EXERCISE OBJECTIVE
Beginning at the line that contains "Asian child girl" and finishing at the line that contains "Dining table set", output the data below exactly. Include both end lines and no pictures.

SOURCE RECORDS

--------------------------------

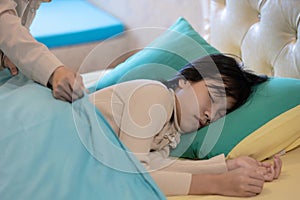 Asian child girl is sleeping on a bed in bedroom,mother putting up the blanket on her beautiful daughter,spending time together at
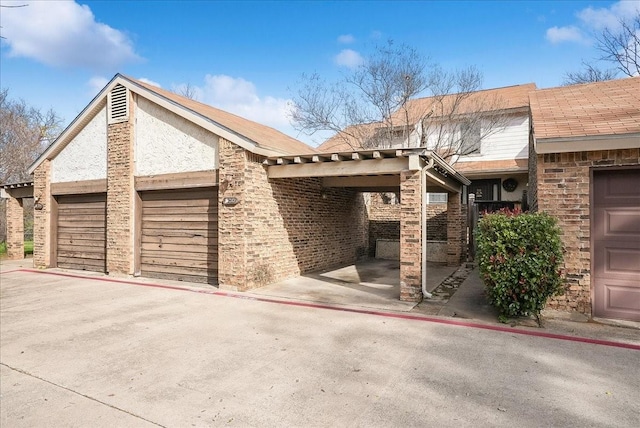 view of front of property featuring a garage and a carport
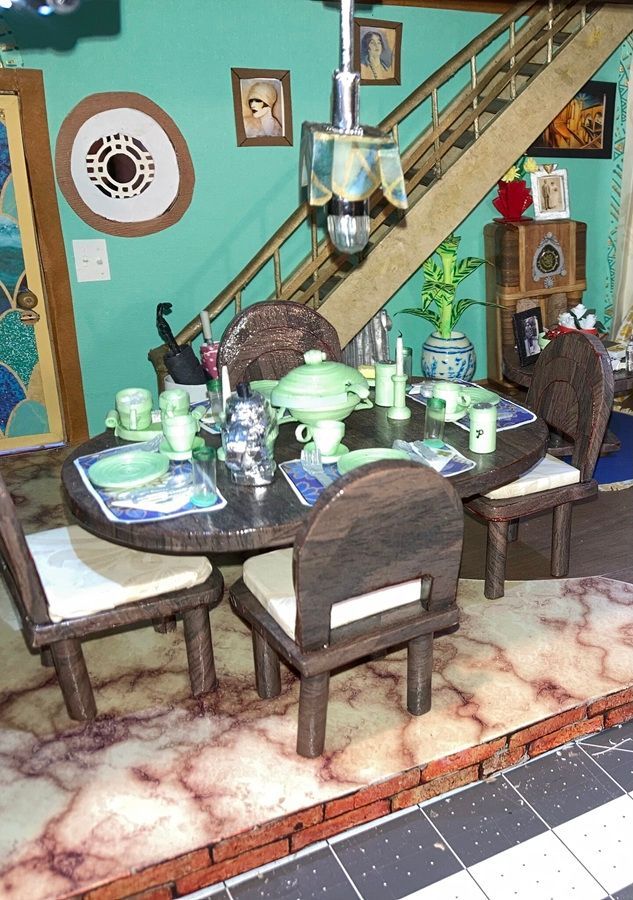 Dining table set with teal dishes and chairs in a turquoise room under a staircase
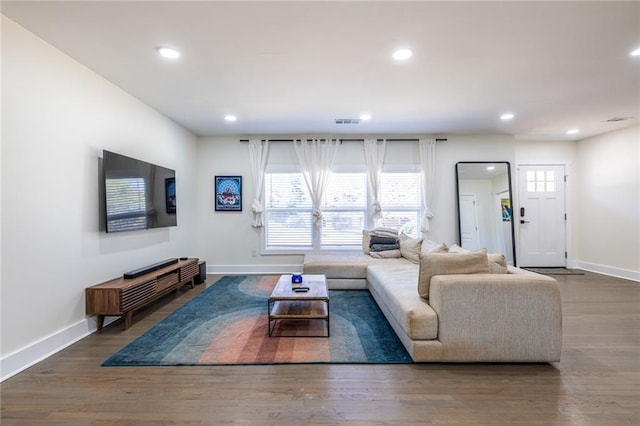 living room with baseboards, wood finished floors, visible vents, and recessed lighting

--------------------------------

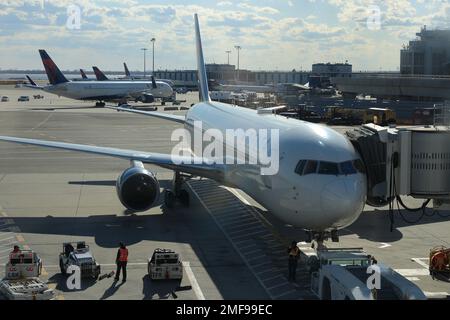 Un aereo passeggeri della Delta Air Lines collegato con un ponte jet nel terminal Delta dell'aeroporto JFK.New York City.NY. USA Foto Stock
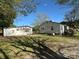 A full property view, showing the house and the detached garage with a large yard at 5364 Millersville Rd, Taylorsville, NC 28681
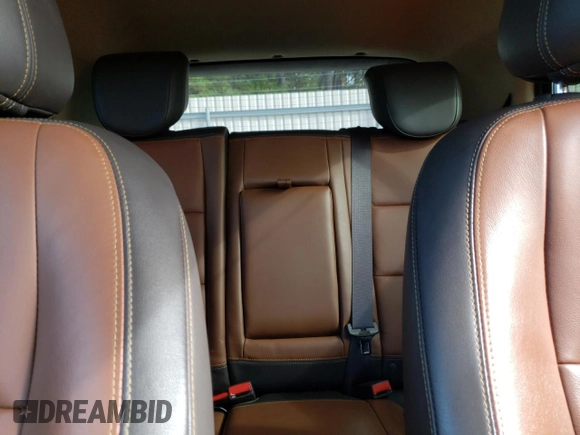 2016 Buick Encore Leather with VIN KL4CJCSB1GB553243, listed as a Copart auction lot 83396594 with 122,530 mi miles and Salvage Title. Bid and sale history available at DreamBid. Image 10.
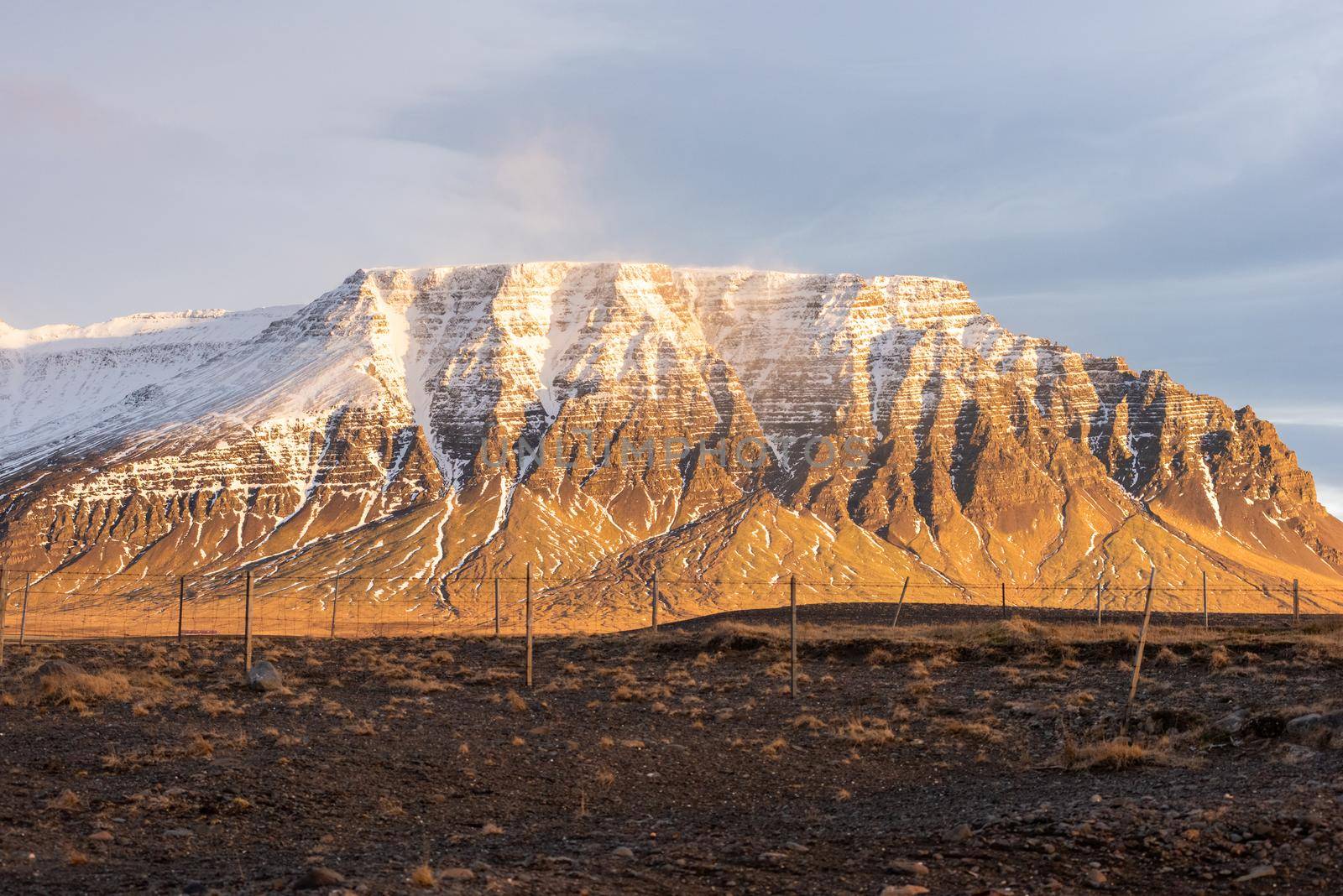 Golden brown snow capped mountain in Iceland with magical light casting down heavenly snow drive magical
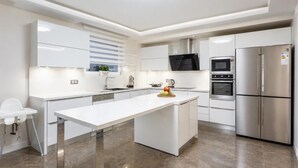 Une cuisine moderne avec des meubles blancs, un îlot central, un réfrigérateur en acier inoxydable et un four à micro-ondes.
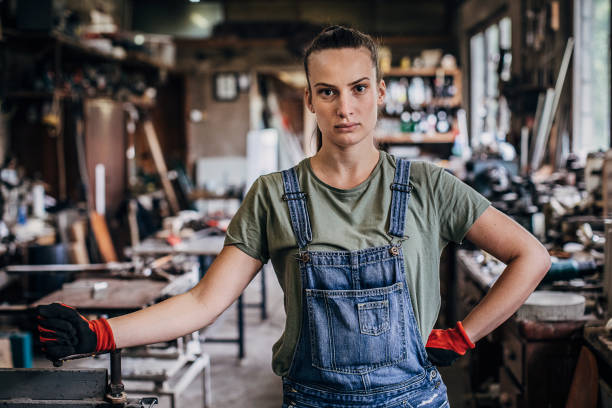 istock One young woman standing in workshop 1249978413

--------------------------------

RESPONSE
 Asian child girl is sleeping on a bed in bedroom,mother putting up the blanket on her beautiful daughter,spending time together at
 view of front of property featuring a garage and a carport
 Dining table set with teal dishes and chairs in a turquoise room under a staircase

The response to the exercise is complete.